I came across Sir Weldon Dalrymple-Champneys, 2nd Baronet (Q23308798) where the PST suggests some nonsensical claims that should be rejected just based on the constraint violations that they would generate if accepted. Now that we have more infrastructure to deal with constraint violations, I wonder if it would be possible to detect in advance that these claims violate constraints, and therefore to filter them out automatically.

@Lucas Werkmeister (WMDE): How hard would it be to evaluate in advance the constraint violations generated by a set of candidate statements, without adding these statements to Wikibase? I have no idea how the backend for constaint violations currently works, so I have no idea how hard it would be.

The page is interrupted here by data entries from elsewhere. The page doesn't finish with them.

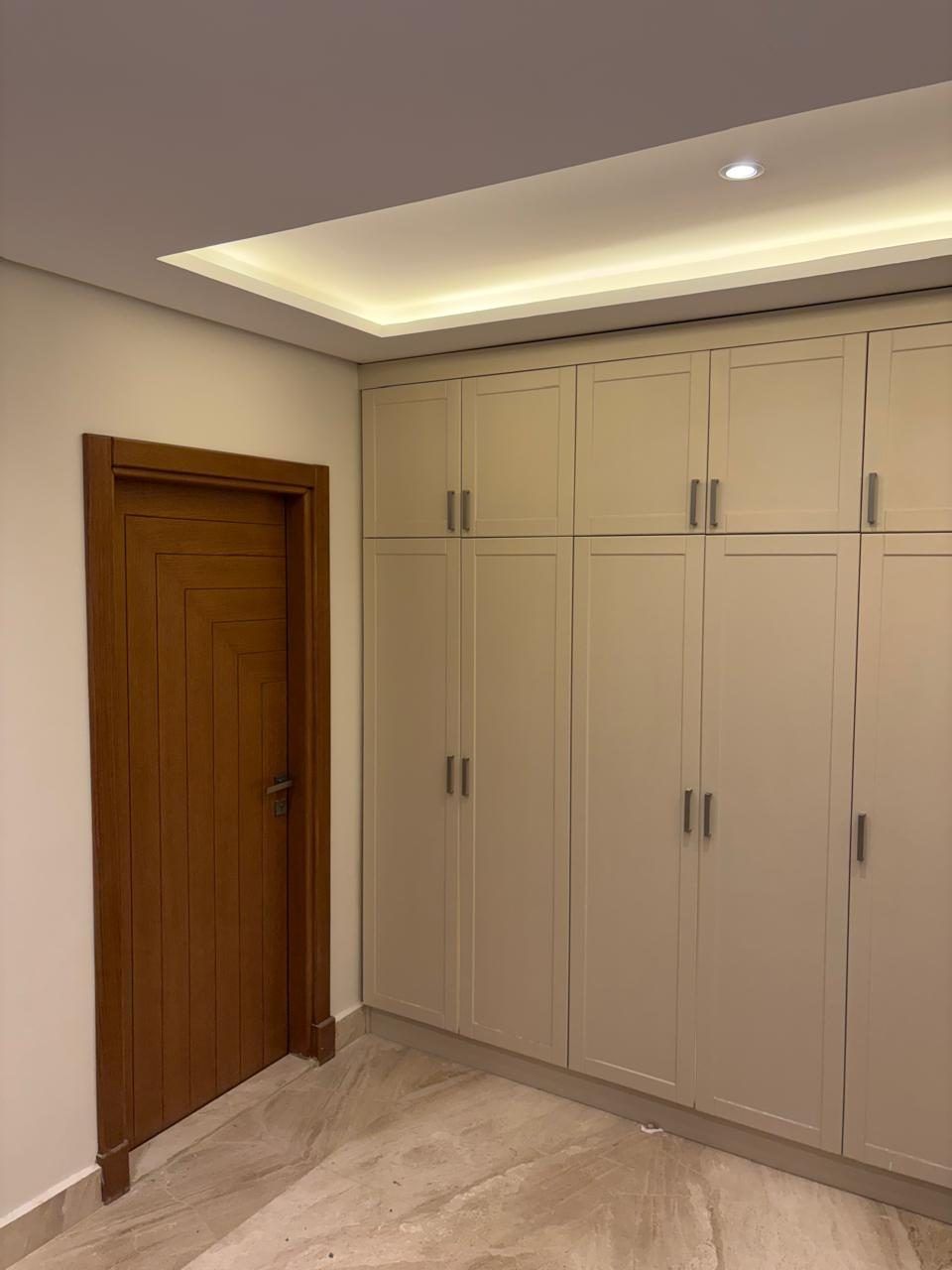 Shaker built-in wardrobes and walnut door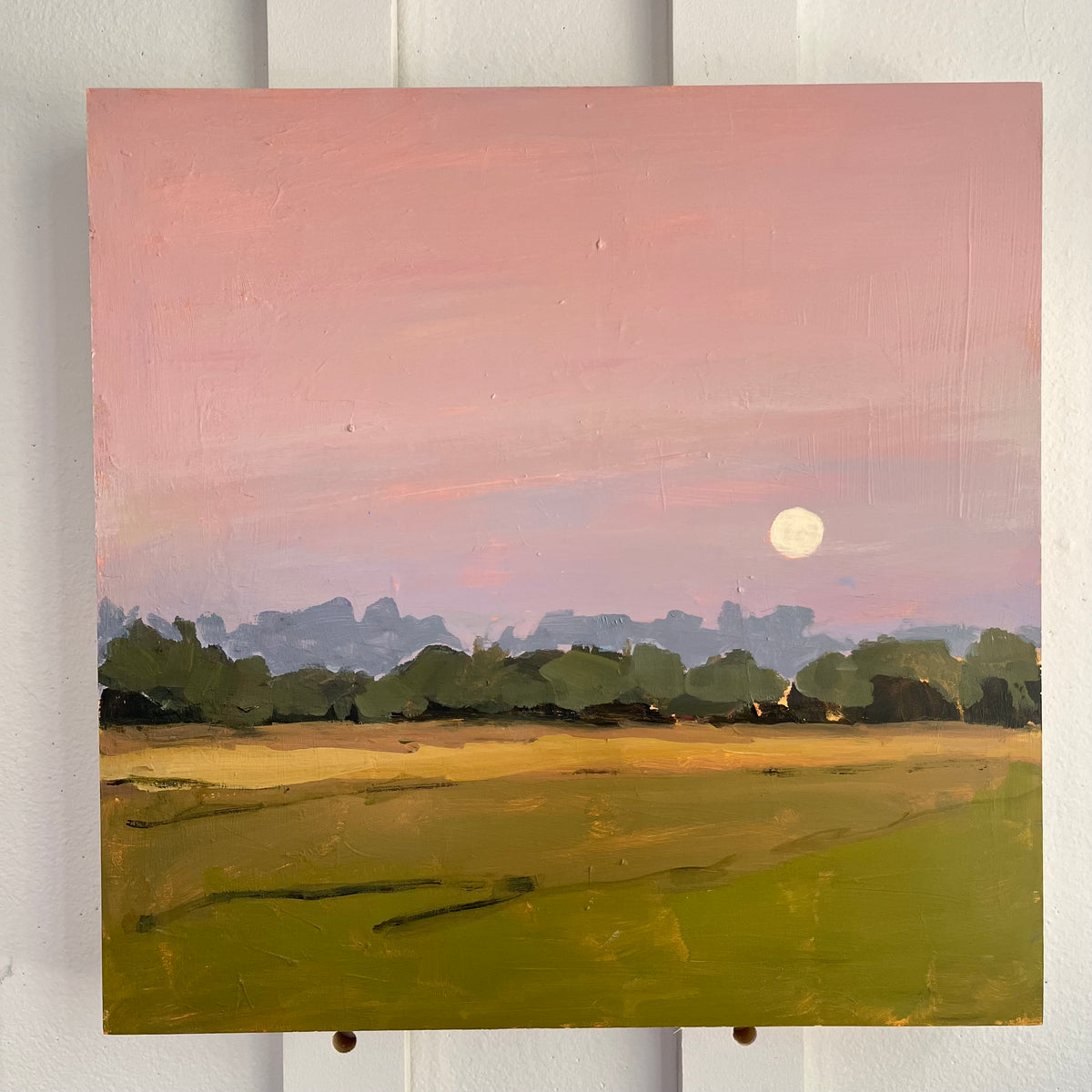 Summer Night — a full moon in a pink sky above a golden field and dark tree line. Painting by Maggie Stickney.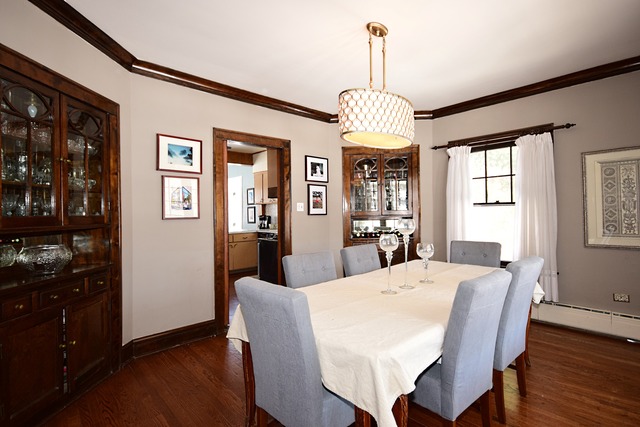 180 Fairbank Road Riverside, IL 60546 - Photo 9 of 25 a view of a dining room with furniture window and wooden floor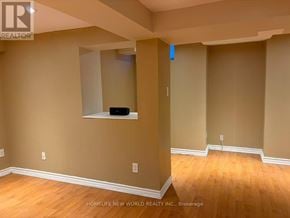 Ajax (South East) townhouse for rent - A room with a wooden floor and a mirror on the wall.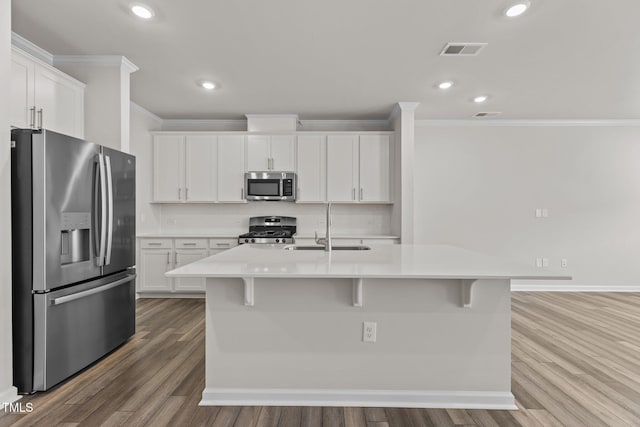 5721 Woodlawn Dr, Durham, NC 27703 - kitchen with stainless steel appliances, crown molding, white cabinetry, light countertops, and wood finished floors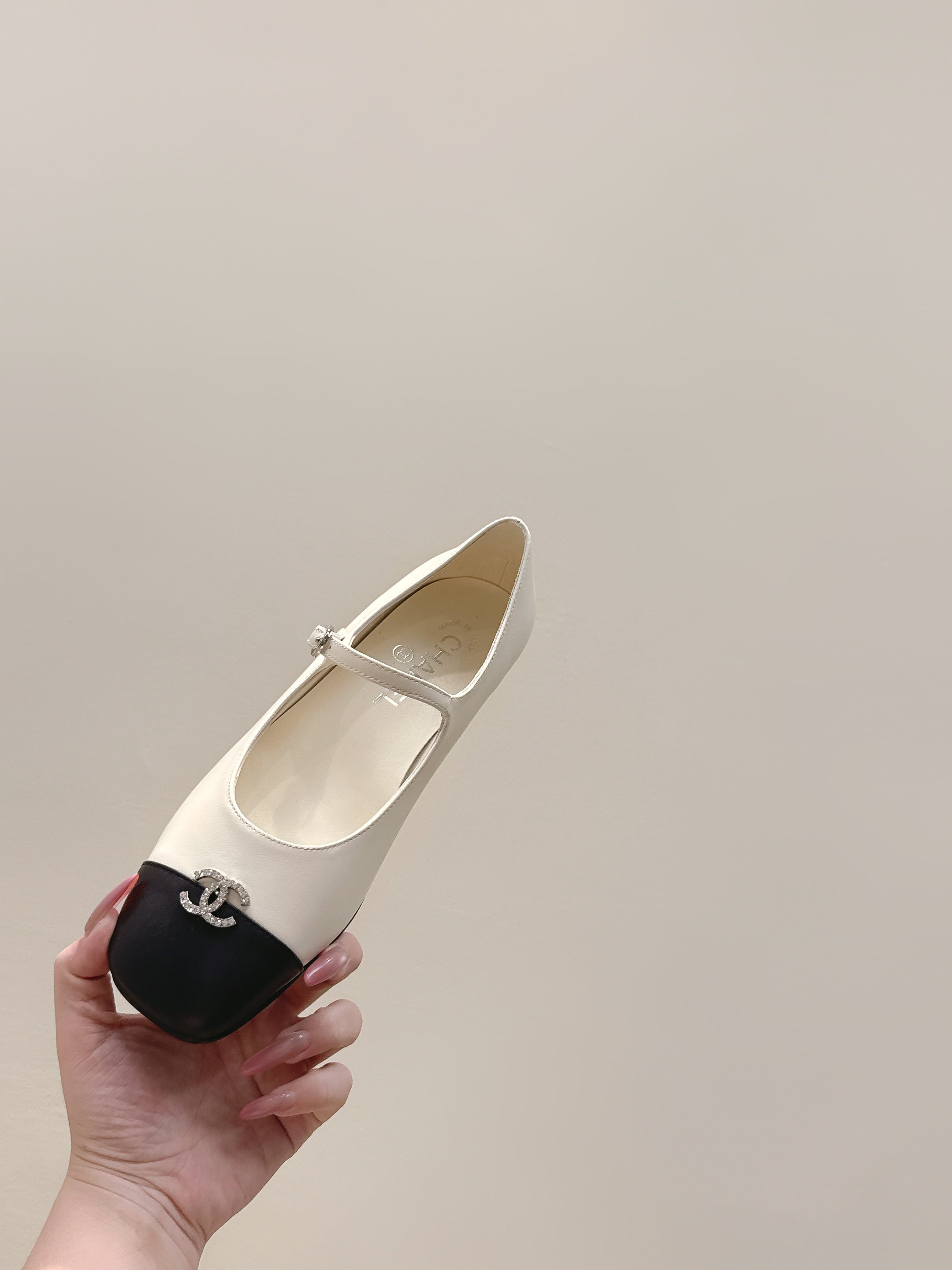 CHANEL 25S MARY JANE FLATS IN IVORY LAMBSKIN WITH BLACK CAP TOE SILVER HARDWARE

Pintoch (talk) 14:34, 15 October 2017 (UTC)

@Pintoch: I think the technology behind it would be the same as for phab:T168626 – add an additional API parameter that takes a serialized snak or statement instead of a statement ID. I don’t think it’s very difficult (in terms of the code required, it’s mostly a new Context subclass, plus some code in the API to instantiate it), but the task isn’t high priority for now. --Lucas Werkmeister (WMDE) (talk) 13:41, 16 October 2017 (UTC)
@Lucas Werkmeister (WMDE): Great! Thanks for the link, I'll watch that. − Pintoch (talk) 15:21, 16 October 2017 (UTC)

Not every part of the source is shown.